24 janvier 2012 (Nouvelle Solidarité) – C’est dans un éditorial publié lundi par le Washington Times et intitulé « Obama ignore la Constitution » que le Président de l’Association américaine du Barreau (qui fédère 400 000 avocats) a pointé du doigt l’abus flagrant qu’Obama fait des « signing statements », procédure par laquelle le Président des Etats-Unis peut ajouter à une loi, de façon définitive, un commentaire stipulant comment il interprétera les dispositions de ladite loi, ainsi que les dispositions par lesquelles il ne se sentira pas lié. Ces déclarations présidentielles sont de véritables décrets-loi que Barack Obama avait pourtant promis d’éliminer.
L’usage que le Président fait d’un signing statement, dans le but d’ignorer l’intention pourtant claire du Congrès, va à l’encontre de l’obligation constitutionnelle qu’il a de « faire en sorte que soient respectées les lois et qu’elles soient légitimement exécutées » . Cela ne veut pas dire que M. Obama est obligé de se plier à tous les désirs du Congrès. Cela signifie plutôt que ce Président – comme tout autre Président qui refuse de se plier à un processus législatif dans lequel s’inscrit le Congrès – est en mesure d’exercer son autorité parfaitement constitutionnelle qu’il a d’opposer un véto à une loi (…)

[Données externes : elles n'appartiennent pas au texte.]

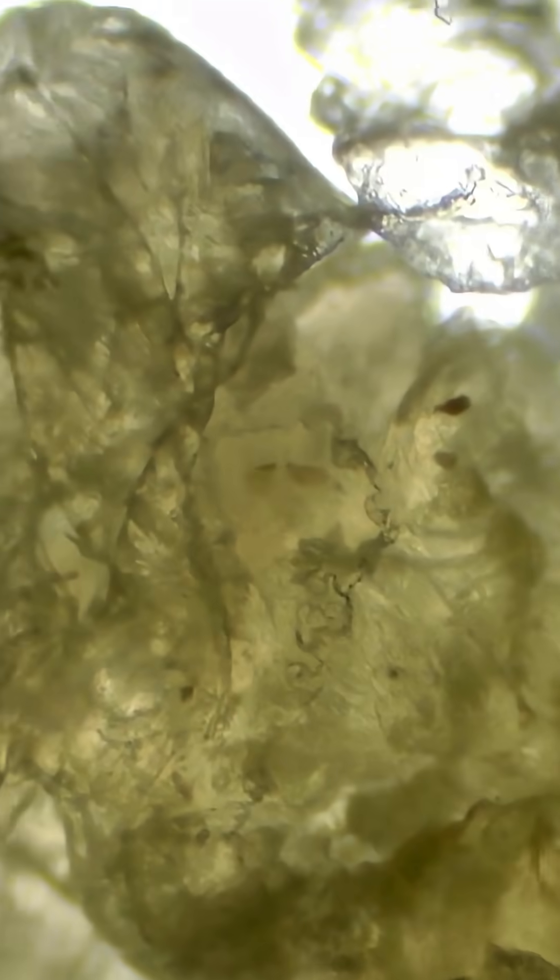Wow! Human earwax looks like a transparent rubber-like substance under the microscope.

Selon l’Article 1 de la Constitution, le Congrès dispose sans aucune ambiguïté du droit de faire les lois. A chaque fois qu’un « signing statement » est utilisé pour rendre nulle et non avenue une simple composante d’une loi, le Président est alors en train d’usurper unilatéralement le pouvoir exclusif de la branche législative, en privant le Congrès de l’opportunité de passer outre un véto sur cette loi, et peut être accusé de retirer le pouvoir qu’a la branche judiciaire de déterminer ce qui relève de la Constitution.

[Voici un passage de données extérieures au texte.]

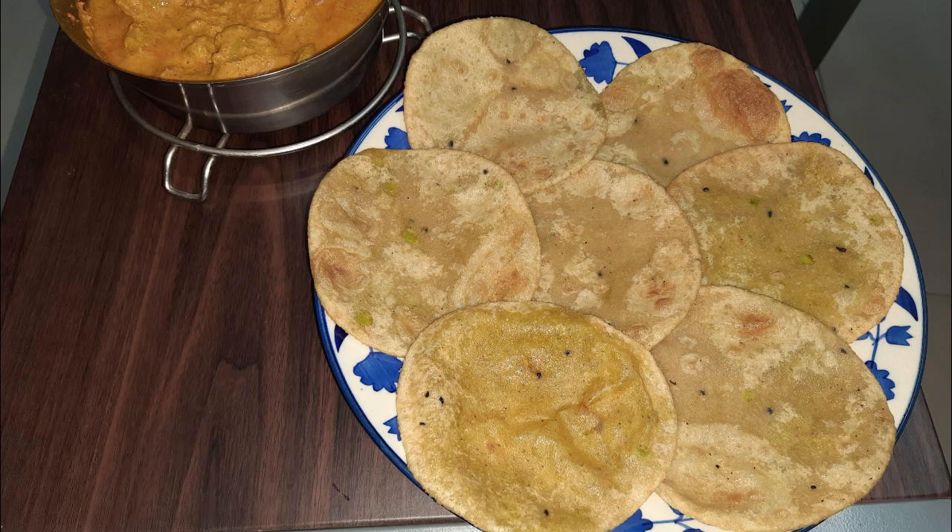Today I am going to make kaurai shooti kochori, a very popular Bengali dish made with kaurai shooti or green peas. So let's start the video.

Clairement, l’intention originale de ceux qui rédigèrent la Constitution a été de donner au Président le choix d’approuver ou d’opposer son véto à une loi passée par le Congrès – et ce, en prenant en compte la totalité de ladite loi . Un signing statement ressemble à plus d’un titre, et relève effectivement d’un « véto d’article », que la Cour suprême a définitivement statué comme étant anti-constitutionnel en 1998. Allant dans le même sens que cette décision, le juge Anthony M. Kennedy a déjà averti qu’ « accroître le pouvoir du Président au-delà de la vision qu’en avaient les rédacteurs de la Constitution (…) compromet la liberté politique de nos concitoyens, liberté dont la séparation des pouvoirs doit être la garante ». Les signing statements constituent simplement une consolidation malvenue d’un excès de pouvoirs entre les mains d’un seul individu.
La sagesse des propos du juge Kennedy en 1998 continue de résonner en échos, aujourd’hui, avec la même puissance et force persuasion.